Maybe you'd think that would be an easy one? And it seems as if everyone thinks it is. Except that there are two dramatically different answers coming from members of the bar.

So let's step back for a minute and try to see what's going on.

First there's the law. Back in 1997, in Cincinnati Bar Assn. v. Nienaber, the Ohio Supreme Court said that lawyers could never lie to the court either explicitly or implicitly. Nienaber, the court said, "not only made affirmative representations to the courts which were untrue, but by his silence he allowed each court to make unwarranted inferences."

In reaching that conclusion, the rejected Nienaber's defense that he'd given precisely correct, albeit incomplete and misleading (that "albeit" is mine; it's not clear Nienaber conceded as much) answers to the courts' questions. Not good enough, the court said. He intentionally misled. Then came the kicker. Quoting the Nebraska Supreme Court from 1937, the court said:
We require complete candor with courts. We agree with the Supreme Court of Nebraska, which sixty years ago said, “An attorney owes his first duty to the court. He assumed his obligations toward it before he ever had a client. His oath requires him to be absolutely honest even though his client's interests may seem to require a contrary course. The [lawyer] cannot serve two masters; and the one [he has] undertaken to serve primarily is the court.”
So there you have it. In a contest between the client and the court, the lawyer is supposed to be on the court's side.

But that assumes there's a contest.

Lawyers are also supposed to represent their clients, er, just how? Not zealously, as I explained in an earlier post Ohio has abandoned that requirement which it never really meant. Instead, well, to quote the court itself,

[V]igorous and effective representation of a client is the responsibility of all attorneys.
With the caveat, of course, that the court comes first.

OK, that's all part of the same rule. You can't lie to the court directly by what you say or indirectly by what you omit.
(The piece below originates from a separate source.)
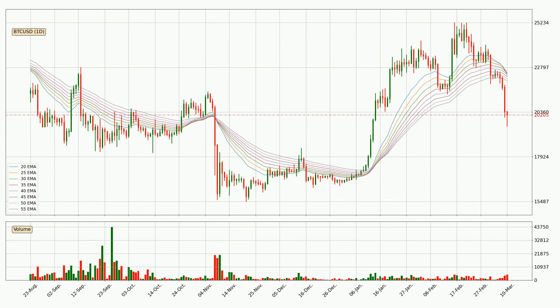Moving to the daily exponential moving averages, the current price went below the daily ribbon, so you should see if the price can jump back above the ribbon or it will play as a resistance to the upside currently at around 22,074.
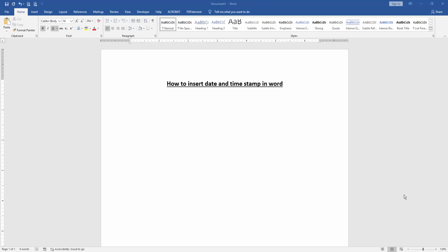Assalamualaikum, hello friends, how are you? Welcome back to another video. In this video, I'm going to show you how to insert date and time stamp in Microsoft Word. Let's get started. First, we have to open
But it doesn't really say what you can do.

Along with the legal/ethical rules, there's the doing business problem. If you don't point out the probable mistake, you "risk your good name and reputation" with prosecutor and judge. If you do, you earn "brownie points" or "street cred." with them. (I'm quoting lawyers who staked out positions on this today). So, if you speak up, you might earn some favoritism in the future. And really, what's the harm since the client will end up with what the client expected.

OK, there's the problem and the issues.

Here's my answer.

We represent the client. We can't lie to the court by commission or omission. But we're under no obligation to volunteer information that will hurt our clients. In fact, we're under an obligation precisely not to do that.

If the court made a mistake that helps our client, so be it. Not our job to point it out.

And while it never hurts to be liked (even favored) by judges and prosecutors, we must never trade the obligation to this client for the possibility that not advocating forcefully today will redound to the benefit of others tomorrow. And certainly not for a pat on the head or a scratch behind the ears.

You know, it is an easy call. I just don't get why some people don't get it.


It's an easy call. But too many lawyers don't get it.